Not only shares of oil marketing companies (OMCs) gained but even upstream companies (PSU) soared on Monday on hopes of zero diesel under-recovery to be a reality soon. HPCL , BPCL and IOC rallied 1.5-3 percent while ONGC and Oil India climbed 1.35 percent intraday.
Government today said the under-recovery on high speed diesel (HSD) applicable for first fortnight of September effective today will go down to Rs 0.08 per litre. This was Rs 1.78 per litre during second fortnight of August 2014.
Gradual increase in diesel price and stable oil prices in international market pushed the diesel under-recovery near zero.
During the same period, PDS kerosene and domestic LPG under-recoveries will be Rs 32.67 per litre (Rs 32.98 per litre in last fortnight) and Rs 427.82 per cylinder (Rs 447.87 per cylinder in last fortnight), respectively.
“OMCs effective September 1 2014, are now incurring combined daily under-recovery of about Rs 195 crore on the sale of diesel, PDS kerosene and domestic LPG. This is lower than Rs 230 crore daily under-recoveries during previous fortnight,” said the government.
It expects the under-recoveries for the financial year 2014-15 to be Rs 91,665 crore as against Rs 1, 39,869 crore in the 2013-14.
The calculation of this under-recovery was based on oil prices as on August 29 (Friday). International crude oil price of Indian Basket was at USD 100.97 a barrel (bbl) on August 29 as against USD 101.07/bbl on August 28. In rupee terms, the price of Indian Basket decreased to Rs 6,105.66 per barrel compared to Rs 6,111.70/barrel during the same period.
Meanwhile, Goldman Sachs continued to like buy-rated oil marketing companies HPCL and BPCL as it believes these offer good exposure to medium/long term oil demand growth in India, with strategic marketing assets at reasonable valuations.
Moreover, the brokerage sees significant upside of 78 percent-228 percent for OMCs under its blue-sky scenarios as divestment plays. Key risks according to the report are oil price spike and weak INR-USD exchange rate.
Last week, the diesel price was hiked by 50 paise per lire while petrol price cut by Rs 1.82 per lire.

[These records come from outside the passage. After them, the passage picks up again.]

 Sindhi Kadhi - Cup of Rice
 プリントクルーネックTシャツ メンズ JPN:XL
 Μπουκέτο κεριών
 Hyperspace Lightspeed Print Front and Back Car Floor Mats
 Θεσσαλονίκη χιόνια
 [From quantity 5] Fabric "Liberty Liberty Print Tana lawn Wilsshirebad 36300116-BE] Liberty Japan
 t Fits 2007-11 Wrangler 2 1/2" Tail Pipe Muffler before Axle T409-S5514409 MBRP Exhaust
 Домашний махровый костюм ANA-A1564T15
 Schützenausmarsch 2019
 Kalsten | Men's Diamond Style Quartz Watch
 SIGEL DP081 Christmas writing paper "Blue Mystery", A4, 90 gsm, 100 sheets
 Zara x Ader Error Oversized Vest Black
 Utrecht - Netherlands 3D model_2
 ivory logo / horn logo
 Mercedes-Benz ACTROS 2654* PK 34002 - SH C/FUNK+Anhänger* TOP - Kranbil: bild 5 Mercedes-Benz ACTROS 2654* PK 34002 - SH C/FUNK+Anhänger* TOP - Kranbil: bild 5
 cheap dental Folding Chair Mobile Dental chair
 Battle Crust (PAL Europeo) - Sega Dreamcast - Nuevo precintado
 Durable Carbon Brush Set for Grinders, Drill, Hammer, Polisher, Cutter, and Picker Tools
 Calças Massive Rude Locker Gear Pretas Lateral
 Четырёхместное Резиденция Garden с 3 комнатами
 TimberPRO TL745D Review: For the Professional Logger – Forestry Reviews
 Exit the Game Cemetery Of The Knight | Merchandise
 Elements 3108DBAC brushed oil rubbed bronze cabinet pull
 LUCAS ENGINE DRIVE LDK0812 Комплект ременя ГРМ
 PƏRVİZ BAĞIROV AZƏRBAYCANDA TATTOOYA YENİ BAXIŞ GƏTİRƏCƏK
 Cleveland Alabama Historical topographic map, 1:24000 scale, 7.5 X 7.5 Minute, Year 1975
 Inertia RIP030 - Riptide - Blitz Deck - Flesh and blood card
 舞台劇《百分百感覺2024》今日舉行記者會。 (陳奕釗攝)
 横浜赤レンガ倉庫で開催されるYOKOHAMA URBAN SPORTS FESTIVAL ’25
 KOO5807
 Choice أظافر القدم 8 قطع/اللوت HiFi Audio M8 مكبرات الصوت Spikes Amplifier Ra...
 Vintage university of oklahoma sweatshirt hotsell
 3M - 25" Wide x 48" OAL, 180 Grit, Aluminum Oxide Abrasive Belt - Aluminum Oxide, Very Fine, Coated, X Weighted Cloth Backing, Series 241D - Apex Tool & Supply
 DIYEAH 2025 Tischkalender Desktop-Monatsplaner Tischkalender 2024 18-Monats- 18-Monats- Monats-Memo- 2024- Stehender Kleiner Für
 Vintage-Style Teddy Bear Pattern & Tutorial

Goldman Sachs said OMCs will need only one more price hike in October to curb diesel losses, assuming international oil prices and diesel cracks stay at current levels. This implies retail diesel will be market-priced in October 2014 — a major milestone for the sector, it added.
According to the report, high gasoline marketing margins is a positive sign for OMCs and augurs well for gasoil margins if actual deregulation occurs. Though the brokerage believes diesel is more politically sensitive than gasoline, given its usage, and has a broad impact on inflation, it expects greater clarity on its marketing margin trend in coming months after diesel losses fall to zero.
At 11:43 hours IST, Hindustan Petroleum Corporation rose 1.46 percent to Rs 464.80 and Indian Oil Corporation climbed 3.18 percent to Rs 370.25 while Bharat Petroleum Corporation was up 0.44 percent at Rs 697.40 on the BSE.
Upstream companies like ONGC and Oil India were up 0.7 percent (to Rs 438.25) and 0.9 percent (to Rs 621.35), respectively on hopes that the subsidy burden may be receded going forward.